Nell’immaginario collettivo è sempre più frequente la sovrapposizione fra il problema dei flussi migratori nordafricani e quello – sempre più urgente, come dimostrato anche i drammatici eventi del 29 giugno – del terrorismo internazionale. Questa sovrapposizione, difficile da confutare soprattutto quando l’onda emotiva prodotta dagli attentati spinge a massificare in senso negativo ogni riflessione, non aiuta di certo a restituire il problema migratorio agli unici criteri che lo rendono davvero comprensibile: quelli della storia e della socio-antropologia. Il testo di Ezzat el Kamhawi, con lucidità, coraggio ma anche con passione, riesce a fare proprio questo: indirizzare il pensiero e la riflessione verso il terreno corretto su cui affrontare e comprendere i problemi legati agli sbarchi di disperati.
Il primo passo è quello di passare da una lettura generalizzante del problema alle sue specifiche ragioni “nazionali” (in questo caso egiziane, nel quale assume un’importanza fondamentale il contrasto fra la realtà rurale e quella cittadina) perché è corretto, per comprendere il problema degli immigrati, recuperare la dimensione delle singole realtà locali che li generano e rinunciare ad una interpretazione generalizzante del fenomeno che vorrebbe spiegare tutto e invece non spiega nulla. Il secondo passo, correttamente illustrato nelle pagine centrali del testo, è quello di analizzare le dinamiche sociologiche e economiche prodotte dalla modernità sulle singole dimensioni culturali locali, con i conseguenti devastanti mutamenti, spesso volutamente guidati – a distanza, secondo argute logiche post-coloniali – dall’Occidente e dalla sua economia capitalista.
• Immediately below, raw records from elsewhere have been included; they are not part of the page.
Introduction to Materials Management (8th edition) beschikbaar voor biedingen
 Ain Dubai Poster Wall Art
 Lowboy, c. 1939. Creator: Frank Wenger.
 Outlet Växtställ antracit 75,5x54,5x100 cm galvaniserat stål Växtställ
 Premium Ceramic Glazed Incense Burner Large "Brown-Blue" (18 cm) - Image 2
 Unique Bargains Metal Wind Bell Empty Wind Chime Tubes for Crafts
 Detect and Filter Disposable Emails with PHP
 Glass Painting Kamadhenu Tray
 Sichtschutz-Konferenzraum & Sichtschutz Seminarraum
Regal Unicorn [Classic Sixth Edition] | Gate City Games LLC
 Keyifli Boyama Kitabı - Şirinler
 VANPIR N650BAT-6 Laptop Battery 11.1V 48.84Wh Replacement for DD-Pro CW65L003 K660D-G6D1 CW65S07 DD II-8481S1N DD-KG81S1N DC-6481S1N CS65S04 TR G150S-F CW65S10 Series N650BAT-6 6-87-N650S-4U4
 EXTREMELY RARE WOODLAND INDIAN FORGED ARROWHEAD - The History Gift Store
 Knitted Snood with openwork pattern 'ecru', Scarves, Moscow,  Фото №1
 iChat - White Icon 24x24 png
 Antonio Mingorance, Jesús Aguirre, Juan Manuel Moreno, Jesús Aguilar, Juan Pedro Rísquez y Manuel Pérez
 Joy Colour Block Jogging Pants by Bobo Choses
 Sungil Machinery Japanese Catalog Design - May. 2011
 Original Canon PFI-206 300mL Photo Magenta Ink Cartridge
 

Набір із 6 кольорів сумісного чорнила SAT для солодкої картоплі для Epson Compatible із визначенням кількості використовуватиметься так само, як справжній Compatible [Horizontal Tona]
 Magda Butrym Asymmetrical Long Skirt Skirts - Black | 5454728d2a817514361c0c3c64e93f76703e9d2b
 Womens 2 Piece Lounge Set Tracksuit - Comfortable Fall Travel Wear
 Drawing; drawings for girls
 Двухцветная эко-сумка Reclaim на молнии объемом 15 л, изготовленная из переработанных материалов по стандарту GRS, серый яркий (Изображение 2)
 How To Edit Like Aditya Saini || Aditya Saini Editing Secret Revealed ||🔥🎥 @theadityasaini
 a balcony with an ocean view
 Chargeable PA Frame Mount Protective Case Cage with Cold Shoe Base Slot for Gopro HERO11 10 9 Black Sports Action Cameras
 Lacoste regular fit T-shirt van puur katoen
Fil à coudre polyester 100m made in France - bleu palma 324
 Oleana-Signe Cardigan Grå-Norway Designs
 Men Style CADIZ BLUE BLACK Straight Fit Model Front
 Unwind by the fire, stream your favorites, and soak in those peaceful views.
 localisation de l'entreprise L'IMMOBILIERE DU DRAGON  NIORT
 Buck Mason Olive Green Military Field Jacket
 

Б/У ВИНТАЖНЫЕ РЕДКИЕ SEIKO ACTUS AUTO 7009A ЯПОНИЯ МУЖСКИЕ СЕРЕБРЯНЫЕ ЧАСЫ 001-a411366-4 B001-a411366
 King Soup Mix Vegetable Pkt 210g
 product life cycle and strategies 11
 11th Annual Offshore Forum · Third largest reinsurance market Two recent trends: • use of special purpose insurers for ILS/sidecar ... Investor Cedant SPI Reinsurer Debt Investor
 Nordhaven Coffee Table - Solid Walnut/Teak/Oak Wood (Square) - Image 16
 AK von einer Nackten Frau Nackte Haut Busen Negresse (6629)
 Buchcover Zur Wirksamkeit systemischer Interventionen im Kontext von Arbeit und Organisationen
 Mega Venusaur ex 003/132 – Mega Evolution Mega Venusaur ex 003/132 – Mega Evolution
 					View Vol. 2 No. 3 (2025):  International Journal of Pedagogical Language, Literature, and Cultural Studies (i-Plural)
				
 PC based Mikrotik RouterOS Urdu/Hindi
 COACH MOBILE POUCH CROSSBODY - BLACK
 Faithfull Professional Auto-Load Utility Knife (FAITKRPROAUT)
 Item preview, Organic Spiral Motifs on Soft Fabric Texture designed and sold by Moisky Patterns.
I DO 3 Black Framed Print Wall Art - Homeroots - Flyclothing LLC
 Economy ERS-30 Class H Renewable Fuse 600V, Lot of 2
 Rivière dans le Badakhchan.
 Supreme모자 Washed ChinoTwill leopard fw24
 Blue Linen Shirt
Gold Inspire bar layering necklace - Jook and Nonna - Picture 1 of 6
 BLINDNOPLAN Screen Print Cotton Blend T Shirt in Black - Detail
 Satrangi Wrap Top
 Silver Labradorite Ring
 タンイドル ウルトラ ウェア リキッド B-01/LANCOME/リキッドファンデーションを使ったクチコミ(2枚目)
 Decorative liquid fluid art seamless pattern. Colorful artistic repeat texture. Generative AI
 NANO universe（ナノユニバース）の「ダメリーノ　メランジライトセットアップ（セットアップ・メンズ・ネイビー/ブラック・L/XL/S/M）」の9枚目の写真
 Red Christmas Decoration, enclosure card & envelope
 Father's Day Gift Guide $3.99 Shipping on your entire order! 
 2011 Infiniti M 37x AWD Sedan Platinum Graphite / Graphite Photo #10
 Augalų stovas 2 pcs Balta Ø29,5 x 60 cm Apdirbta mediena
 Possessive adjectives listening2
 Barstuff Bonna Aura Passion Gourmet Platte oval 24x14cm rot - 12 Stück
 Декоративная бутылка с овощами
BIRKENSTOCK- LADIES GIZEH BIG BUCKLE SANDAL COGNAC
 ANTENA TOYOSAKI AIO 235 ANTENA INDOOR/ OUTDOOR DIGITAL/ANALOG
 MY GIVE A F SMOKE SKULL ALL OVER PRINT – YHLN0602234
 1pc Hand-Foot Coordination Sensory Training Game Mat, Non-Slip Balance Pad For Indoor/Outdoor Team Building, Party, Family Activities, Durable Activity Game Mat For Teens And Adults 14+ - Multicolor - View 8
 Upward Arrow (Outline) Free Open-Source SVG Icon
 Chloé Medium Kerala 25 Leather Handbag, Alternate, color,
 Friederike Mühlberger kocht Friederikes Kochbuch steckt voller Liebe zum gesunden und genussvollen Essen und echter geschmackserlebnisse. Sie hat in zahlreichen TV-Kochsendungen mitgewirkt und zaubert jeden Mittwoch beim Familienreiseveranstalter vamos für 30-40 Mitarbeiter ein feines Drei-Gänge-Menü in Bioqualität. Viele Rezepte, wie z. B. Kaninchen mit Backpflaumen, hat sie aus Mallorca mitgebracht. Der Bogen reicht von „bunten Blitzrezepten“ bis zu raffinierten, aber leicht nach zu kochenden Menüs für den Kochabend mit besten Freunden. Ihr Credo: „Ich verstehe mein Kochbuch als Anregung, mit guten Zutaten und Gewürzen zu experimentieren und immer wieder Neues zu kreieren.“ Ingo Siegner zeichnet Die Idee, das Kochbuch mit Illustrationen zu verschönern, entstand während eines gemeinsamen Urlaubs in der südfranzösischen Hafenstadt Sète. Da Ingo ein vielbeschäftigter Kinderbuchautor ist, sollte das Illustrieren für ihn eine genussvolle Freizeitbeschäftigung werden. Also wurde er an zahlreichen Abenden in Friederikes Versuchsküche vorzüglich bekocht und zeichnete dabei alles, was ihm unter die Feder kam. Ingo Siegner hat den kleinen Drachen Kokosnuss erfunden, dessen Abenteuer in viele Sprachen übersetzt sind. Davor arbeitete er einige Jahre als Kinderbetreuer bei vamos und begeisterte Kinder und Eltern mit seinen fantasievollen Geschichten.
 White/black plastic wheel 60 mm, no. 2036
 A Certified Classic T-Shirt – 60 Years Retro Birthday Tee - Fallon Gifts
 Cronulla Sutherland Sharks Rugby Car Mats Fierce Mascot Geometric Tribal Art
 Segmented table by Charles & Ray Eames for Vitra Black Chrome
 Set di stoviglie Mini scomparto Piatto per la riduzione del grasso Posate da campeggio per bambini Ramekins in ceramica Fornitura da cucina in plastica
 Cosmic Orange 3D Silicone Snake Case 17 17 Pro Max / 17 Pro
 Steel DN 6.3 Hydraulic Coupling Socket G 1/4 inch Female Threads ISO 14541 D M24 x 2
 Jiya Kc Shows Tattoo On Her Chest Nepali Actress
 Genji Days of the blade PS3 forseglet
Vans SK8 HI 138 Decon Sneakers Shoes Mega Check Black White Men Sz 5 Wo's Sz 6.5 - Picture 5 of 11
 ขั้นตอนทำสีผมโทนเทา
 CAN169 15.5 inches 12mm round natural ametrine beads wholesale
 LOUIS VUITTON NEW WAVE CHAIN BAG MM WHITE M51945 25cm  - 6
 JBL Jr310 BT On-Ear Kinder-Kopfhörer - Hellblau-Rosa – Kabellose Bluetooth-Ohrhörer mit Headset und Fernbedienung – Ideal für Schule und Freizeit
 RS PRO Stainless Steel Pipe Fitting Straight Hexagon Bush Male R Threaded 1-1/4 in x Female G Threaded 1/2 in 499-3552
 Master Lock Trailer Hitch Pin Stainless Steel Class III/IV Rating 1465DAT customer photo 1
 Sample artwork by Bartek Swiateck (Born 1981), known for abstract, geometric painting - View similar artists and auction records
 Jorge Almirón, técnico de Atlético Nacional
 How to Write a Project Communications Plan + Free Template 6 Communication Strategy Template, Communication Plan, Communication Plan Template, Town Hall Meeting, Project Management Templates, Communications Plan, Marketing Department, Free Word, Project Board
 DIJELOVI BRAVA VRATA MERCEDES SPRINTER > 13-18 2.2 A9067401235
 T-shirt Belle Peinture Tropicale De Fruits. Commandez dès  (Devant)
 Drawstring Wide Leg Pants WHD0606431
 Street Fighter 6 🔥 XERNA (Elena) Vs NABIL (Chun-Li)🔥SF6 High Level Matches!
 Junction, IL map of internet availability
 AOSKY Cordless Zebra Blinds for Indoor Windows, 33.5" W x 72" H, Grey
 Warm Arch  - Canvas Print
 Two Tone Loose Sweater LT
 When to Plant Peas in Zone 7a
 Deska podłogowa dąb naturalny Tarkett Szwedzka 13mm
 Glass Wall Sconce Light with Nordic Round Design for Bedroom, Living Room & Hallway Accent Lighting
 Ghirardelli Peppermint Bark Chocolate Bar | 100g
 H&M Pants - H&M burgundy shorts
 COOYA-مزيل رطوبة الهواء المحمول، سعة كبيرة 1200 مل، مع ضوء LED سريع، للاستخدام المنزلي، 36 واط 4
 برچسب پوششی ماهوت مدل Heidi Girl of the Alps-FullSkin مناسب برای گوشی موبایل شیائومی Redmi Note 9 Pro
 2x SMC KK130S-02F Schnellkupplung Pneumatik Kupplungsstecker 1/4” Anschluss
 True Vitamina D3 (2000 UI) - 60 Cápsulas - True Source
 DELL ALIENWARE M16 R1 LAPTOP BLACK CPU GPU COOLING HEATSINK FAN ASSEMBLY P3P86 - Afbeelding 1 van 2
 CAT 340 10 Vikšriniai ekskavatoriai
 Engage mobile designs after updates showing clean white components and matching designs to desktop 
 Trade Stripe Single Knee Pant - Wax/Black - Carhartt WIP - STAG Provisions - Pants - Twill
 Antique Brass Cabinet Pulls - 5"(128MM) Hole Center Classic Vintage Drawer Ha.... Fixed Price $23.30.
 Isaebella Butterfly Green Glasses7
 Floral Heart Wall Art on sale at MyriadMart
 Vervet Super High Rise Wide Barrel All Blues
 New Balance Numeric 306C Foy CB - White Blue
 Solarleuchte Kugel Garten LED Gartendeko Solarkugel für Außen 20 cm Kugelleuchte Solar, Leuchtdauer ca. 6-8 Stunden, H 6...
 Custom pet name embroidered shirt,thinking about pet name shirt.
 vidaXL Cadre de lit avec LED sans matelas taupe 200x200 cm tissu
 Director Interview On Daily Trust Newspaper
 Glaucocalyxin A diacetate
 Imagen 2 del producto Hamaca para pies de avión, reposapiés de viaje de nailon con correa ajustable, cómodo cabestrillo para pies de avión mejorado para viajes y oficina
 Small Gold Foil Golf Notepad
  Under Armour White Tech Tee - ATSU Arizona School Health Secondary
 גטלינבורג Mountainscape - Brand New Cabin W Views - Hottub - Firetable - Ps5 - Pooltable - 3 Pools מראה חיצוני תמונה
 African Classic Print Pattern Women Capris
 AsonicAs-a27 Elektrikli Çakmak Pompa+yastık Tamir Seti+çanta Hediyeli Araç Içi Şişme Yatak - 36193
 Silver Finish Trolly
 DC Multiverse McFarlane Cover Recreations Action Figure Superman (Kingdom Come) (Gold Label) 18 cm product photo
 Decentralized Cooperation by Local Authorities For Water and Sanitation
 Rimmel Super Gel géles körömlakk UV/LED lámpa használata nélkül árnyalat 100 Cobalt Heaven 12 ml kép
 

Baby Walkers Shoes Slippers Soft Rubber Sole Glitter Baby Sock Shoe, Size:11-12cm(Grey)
Ne emerge un quadro desolante, nel quale appaiono con chiarezza gli stravolgimenti culturali prodotti dai nuovi sistemi economici (smantellamento delle strutture e delle gerarchie familiari tradizionali) e, soprattutto, dalla lenta ed inesorabile spinta verso uno sterile consumismo che vanifica la capacità di sviluppo economico potenzialmente possibile grazie al flusso di ricchezza degli emigrati regolari. La conclusione, decisamente pessimista, è che l’Egitto – malgrado i fermenti civili degli ultimi anni – appare destinato ad essere sempre di più un “mercato”, inteso nel duplice significato di fornitore di manodopera (a bassissimo costo) per l’Occidente e fruitore di beni (soprattutto tecnologici) da questo prodotti.
Il testo di Ezzat el Kamhawi ha anche il pregio di affiancare all’analisi dei fatti le singole storie di alcuni suoi connazionali emigrati in Italia, dimostrando come cronaca quotidiana, giornalismo e analisi socio-politica siano un continuum irrinunciabile per comprendere a tutto tondo la complessità dei problemi della nostra modernità.